Kibana is a useful tool for monitoring applications and services to ensure they are operating within specified service level objectives. Service level indicators (SLIs) are measurable aspects of a service, such as error codes and latency. Service level objectives (SLOs) define how an application or service is expected to perform as measured by the SLIs, and in a way, set service uptime and availability goals. As logging and metrics data generated by applications grow, so do the demands on the Elasticsearch cluster for processing aggregations over SLI data.
If you have ever assembled an SLO dashboard for a highly dense metrics dataset, you might already know how taxing SLI visualizations backed by millions of events can be on a cluster as each dashboard visualization performs one or more aggregations against the backing indices. One such aggregation, for example, might show the number of HTTP errors grouped by response code over a specified time interval. Another might aggregate proxy logs to show backend request latency over time.

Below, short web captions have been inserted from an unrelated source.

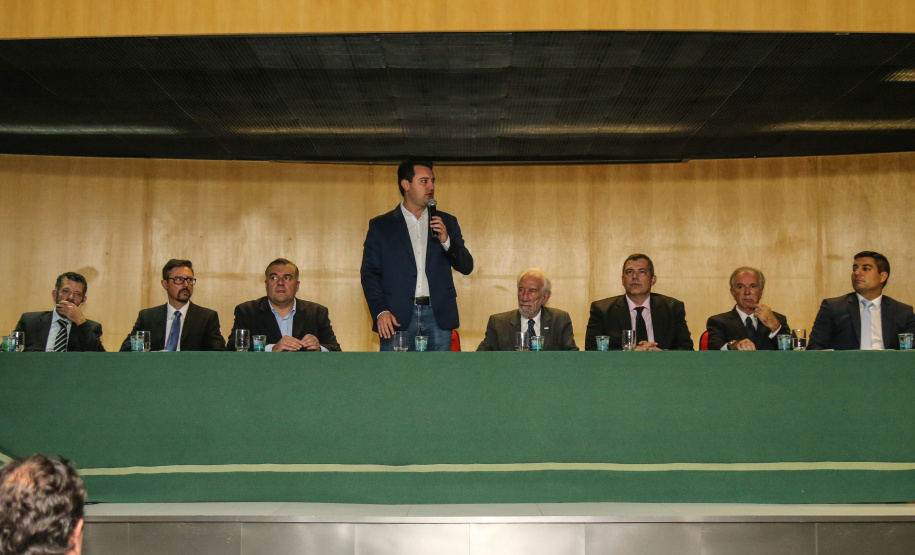 O governador Carlos Massa Ratinho Junior lança o aplicativo Paraná Serviços no Auditório Mário Lobo em Curitiba nesta segunda-feira (18). Trata-se de uma solução inovadora do Governo do Paraná que facilitará a intermediação entre o contratante e o prestador autônomo de serviços. Curitiba, 15/03/2019 - Foto: Geraldo Bubniak/ANPr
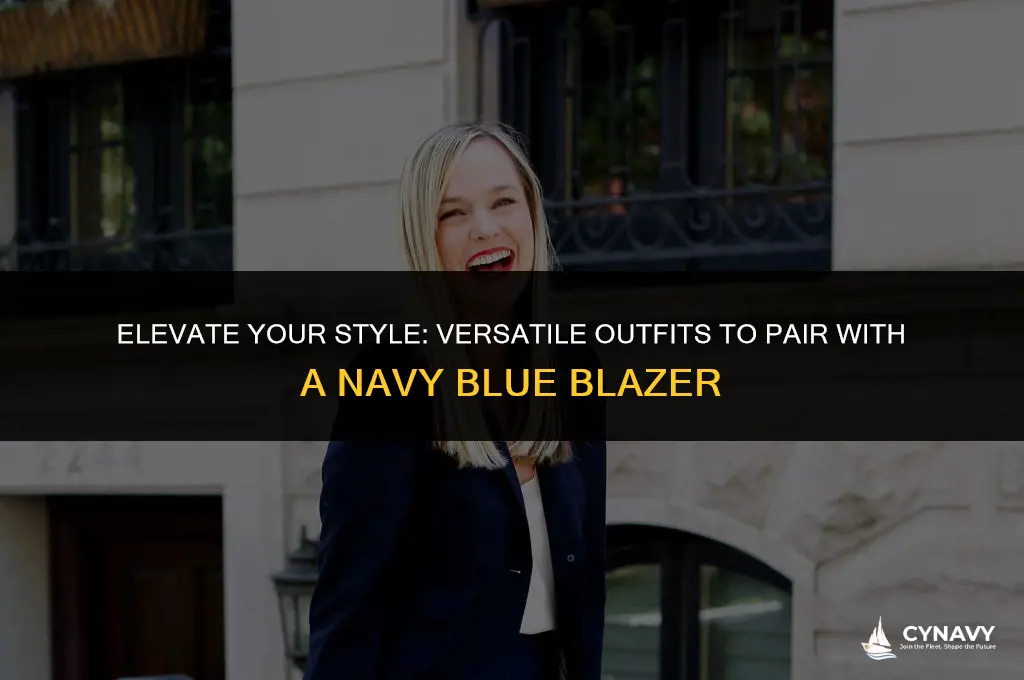 what to wear with a navy blue blazer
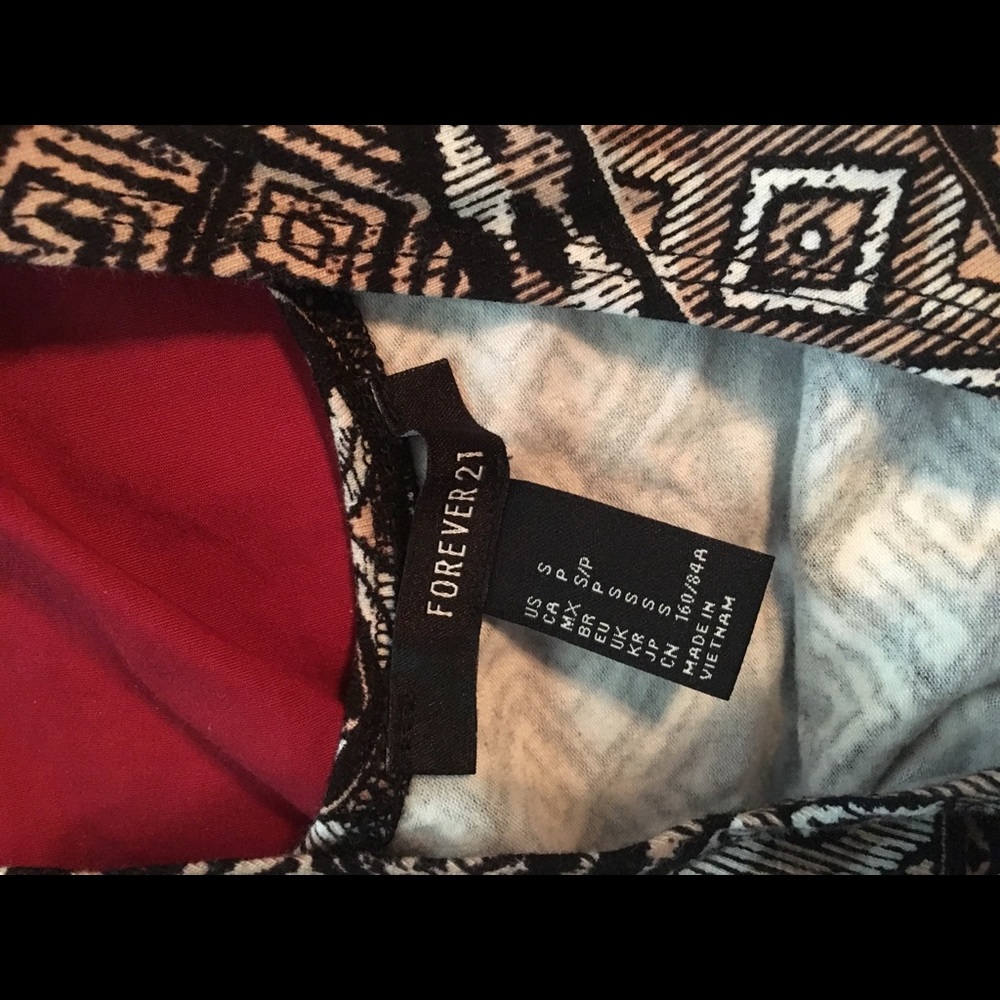 Crop top - Picture 2 of 2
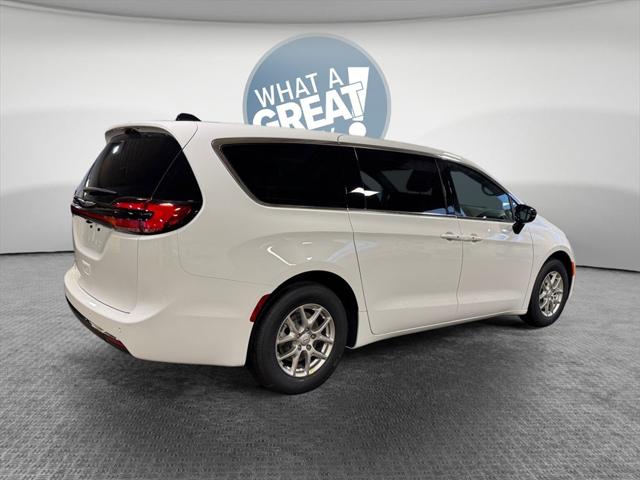 2026 Chrysler Pacifica PACIFICA SELECT 2026 Chrysler Pacifica PACIFICA SELECT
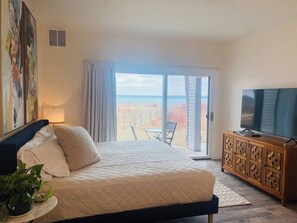 Iron/ironing board, travel cot, free WiFi, bed sheets - Steps away from the beach! (Williamsburg)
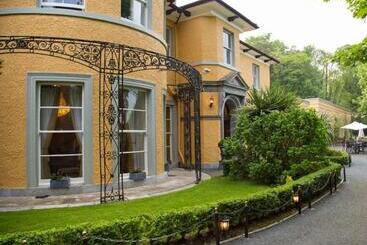 Cork S Vienna Woods Hotel & Villas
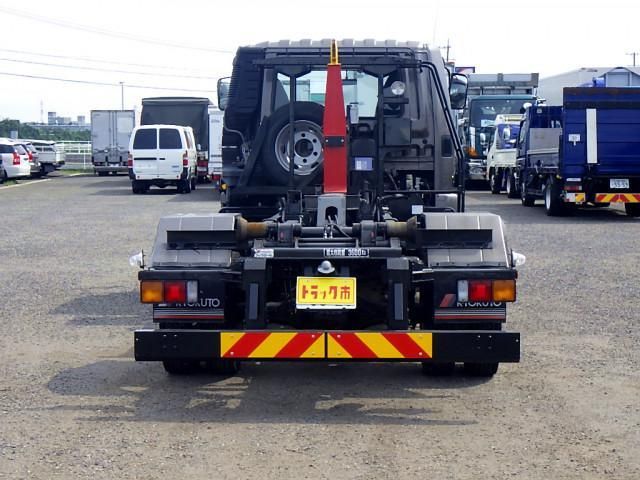 MITSUBISHI FUSOU FIGHTER 2017 Image 31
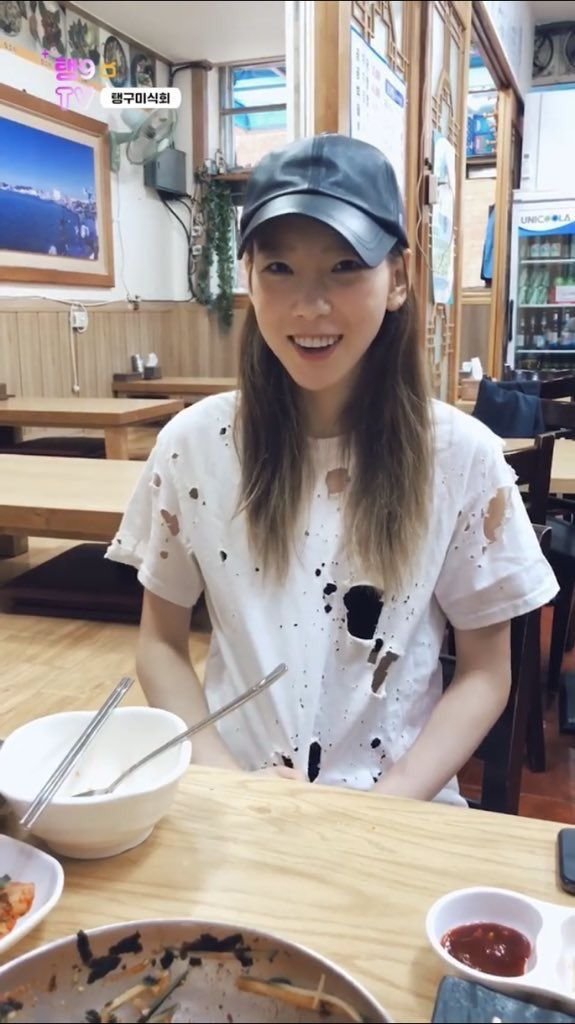 S_sunsmile's tweet photo. พี่แทยอนเหมือนเดิมเลยหนิ 😄 https://t.co/Fz7xXBQOGk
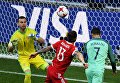 Игорь Акинфеев, Федор Кудряшов (Россия) и Криштиану Роналду (Португалия) во время матча Кубка конфедераций-2017 по футболу между сборными России и Португалии Игорь Акинфеев, Федор Кудряшов (Россия) и Криштиану Роналду (Португалия) во время матча Кубка конфедераций-2017 по футболу между сборными России и Португалии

Enter Elasticsearch Transforms. Transforms can be used to pre-aggregate SLI metrics, such as HTTP response codes, for SLO dashboards. Transforms query over existing indices then write summarized data to smaller indices that can be used by visualizations, allowing for fast retrieval of aggregated data without searching against the entire dataset.
Here, we will show you how to set up and use a transform using the sample web logs provided in Kibana. The following was performed on 8.5.2 of the Elastic Stack running in Elastic Cloud.
Loading The Sample Data
- Follow the Kibana Quick Start guide to add sample web logs data.
- Use Discover to gain some familiarity with the web log data and fields.
1. Configuration
We will be creating a pivot transform.
-
Open the main menu, then Stack Management > Transforms > Create Transform.
-
Choose Kibana Sample Data Logs as the data source.
-
Be sure Pivot is selected.
-
Set Group by to
@timestamp
. Click the pencil icon and set the Interval to 1h. -
Next, we will define the aggregations we want to execute and send to the transform destination index. Click Add an aggregation …, then type
response
to filter the selection box. Click filter(response).
-
Fill in the filter aggregation property details provided in the table. Add a range query in the should boolean clause as shown below, then click Apply.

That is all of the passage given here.